Closed cbrnr closed 4 years ago
I'm guessing there's a reason Christian wanted the winsorizing in the python xdf importer. Let's get his input. @chkothe
Hey Clemens and Chad -- that parameter is indeed relevant for the robust estimation on the next line (it's the delta parameter of the Huber loss function above which deviations from the mean are treated as potential outliers and thus robustly).
@cbrnr It isn't used only for the clock values, but also for X 2 lines above.
As best as I can tell, values below rho
will have their residuals penalized by L2, whereas values above rho
will have their values penalized by L1. Instead of passing this value to the robust regression function as the rho
value, you divide both x and y by the value and use the default rho=1
. Is this equivalent? Am I interpreting the intention properly? If so, do you think we could simply pass the value to the robust regression function argument? Are there any numerical precision considerations I'm missing?
While we're on this topic, is that still considered 'winsorizing'? There doesn't seem to be any clipping. Maybe we should rename the parameter?
I don't see where winsor_threshold
is used except for dividing X
and y
- that just scales the values of the clock and offsets by an equal amount. _robust_fit
is then called with X
and y
with the default rho=1
. If indeed rho
should be rho / winsor_threshold
(or some other scaled value), then I think it would be better to integrate that into the parameter itself.

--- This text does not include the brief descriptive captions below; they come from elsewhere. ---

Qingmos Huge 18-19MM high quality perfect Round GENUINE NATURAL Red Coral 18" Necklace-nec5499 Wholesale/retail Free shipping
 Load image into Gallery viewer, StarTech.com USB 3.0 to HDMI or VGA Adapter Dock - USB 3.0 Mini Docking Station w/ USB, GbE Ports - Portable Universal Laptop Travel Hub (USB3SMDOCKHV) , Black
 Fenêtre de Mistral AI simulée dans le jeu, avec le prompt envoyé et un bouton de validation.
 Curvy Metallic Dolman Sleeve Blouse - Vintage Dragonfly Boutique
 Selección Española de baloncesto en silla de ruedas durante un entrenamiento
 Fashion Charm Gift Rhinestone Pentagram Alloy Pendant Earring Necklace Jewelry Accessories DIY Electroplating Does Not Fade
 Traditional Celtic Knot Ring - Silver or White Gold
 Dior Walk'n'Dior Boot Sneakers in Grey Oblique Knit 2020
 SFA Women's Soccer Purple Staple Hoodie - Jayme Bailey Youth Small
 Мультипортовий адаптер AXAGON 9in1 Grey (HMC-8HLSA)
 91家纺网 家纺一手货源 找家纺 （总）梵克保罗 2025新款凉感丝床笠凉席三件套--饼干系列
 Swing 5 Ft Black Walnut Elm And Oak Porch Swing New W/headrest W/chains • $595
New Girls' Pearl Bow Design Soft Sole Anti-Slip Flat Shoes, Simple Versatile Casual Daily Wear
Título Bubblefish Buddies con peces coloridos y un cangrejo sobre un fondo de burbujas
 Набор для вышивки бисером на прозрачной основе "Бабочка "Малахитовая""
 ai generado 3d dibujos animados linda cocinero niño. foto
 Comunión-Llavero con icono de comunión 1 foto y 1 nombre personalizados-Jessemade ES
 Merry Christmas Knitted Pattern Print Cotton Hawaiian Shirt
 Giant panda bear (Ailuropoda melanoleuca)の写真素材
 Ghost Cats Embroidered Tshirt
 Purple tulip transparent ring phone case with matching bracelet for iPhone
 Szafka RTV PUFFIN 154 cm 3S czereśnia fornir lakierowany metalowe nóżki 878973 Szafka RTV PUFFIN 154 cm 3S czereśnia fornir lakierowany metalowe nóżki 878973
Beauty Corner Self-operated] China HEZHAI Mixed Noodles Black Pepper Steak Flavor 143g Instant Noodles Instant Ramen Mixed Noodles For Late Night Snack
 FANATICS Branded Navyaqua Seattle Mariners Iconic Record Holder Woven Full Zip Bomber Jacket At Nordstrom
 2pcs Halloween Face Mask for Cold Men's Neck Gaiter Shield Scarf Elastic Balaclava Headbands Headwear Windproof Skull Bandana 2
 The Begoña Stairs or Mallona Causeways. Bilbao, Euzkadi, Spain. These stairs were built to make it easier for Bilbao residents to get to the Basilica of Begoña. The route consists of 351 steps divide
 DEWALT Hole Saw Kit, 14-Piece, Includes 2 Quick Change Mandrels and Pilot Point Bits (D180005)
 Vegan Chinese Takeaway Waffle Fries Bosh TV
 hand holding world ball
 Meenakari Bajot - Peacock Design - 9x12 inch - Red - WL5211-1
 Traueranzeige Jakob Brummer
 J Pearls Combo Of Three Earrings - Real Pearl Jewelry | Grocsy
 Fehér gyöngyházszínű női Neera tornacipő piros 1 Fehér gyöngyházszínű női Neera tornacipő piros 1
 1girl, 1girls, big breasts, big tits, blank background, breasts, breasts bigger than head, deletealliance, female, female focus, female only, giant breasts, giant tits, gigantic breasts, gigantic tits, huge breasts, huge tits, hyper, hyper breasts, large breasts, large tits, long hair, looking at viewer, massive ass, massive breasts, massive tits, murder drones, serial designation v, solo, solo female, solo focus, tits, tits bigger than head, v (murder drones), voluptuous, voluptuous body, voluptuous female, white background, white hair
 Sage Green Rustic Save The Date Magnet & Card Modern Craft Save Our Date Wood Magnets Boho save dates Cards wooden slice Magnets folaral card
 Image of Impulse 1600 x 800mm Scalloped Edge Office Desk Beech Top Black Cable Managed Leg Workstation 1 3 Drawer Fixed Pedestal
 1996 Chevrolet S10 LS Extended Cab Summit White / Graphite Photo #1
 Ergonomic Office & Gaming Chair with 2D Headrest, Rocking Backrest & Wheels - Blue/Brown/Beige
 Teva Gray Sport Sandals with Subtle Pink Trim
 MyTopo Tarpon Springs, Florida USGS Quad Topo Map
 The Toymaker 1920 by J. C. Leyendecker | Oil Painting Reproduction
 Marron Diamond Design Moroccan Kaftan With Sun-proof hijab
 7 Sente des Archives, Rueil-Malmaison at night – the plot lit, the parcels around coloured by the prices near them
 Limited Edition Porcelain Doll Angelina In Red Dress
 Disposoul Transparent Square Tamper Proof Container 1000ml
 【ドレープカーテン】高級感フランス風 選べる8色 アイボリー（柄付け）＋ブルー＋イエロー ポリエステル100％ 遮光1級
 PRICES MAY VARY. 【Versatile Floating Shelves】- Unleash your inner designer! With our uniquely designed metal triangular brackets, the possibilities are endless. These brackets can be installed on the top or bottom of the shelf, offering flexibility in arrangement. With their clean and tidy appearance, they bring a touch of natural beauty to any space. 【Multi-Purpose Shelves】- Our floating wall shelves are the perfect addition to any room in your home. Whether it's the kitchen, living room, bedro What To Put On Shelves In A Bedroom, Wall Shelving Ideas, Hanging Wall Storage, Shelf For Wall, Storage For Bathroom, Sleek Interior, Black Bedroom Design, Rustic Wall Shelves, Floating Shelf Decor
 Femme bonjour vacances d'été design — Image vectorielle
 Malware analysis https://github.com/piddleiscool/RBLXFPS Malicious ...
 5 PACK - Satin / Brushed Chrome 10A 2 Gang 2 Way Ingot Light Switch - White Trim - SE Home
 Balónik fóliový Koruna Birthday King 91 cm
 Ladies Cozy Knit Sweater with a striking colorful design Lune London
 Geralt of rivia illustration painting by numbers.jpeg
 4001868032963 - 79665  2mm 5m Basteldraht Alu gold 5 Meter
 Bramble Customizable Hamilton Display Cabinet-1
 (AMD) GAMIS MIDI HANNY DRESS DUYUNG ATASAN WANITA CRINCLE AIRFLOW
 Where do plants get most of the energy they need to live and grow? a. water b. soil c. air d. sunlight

But this is more or less an API decision, currently I find it really difficult to see how this algorithm works if part of a parameter needs to be worked into the data before applying the function. I'll revert this change and only leave the simplified reshaping of X
.
@cbrnr yes the intention of those divisions should have been documented better, my fault. @cboulay the purpose of rho parameter is actually unrelated (it's a coupling parameter in the alternating-directions method), although it's possible that it does ultimately simplify in the way you describe (without having checked it myself) -- but normally the Huber threshold would be a third parameter that would have to be worked into the optimizer (I think some of the 1's in the code would have to be replaced by that). Now, while that would make things more explicit, and perhaps allow the robust fit method to be used in other contexts, for now it'd be a purely internal reshuffling, and we'd need to implement some strong tests to ensure that the behavior is identical (since it's easy for breakages to go unnoticed in that sort of code, especially if the test data don't exhibit the kinds of pathologies that the method is designed to protect against).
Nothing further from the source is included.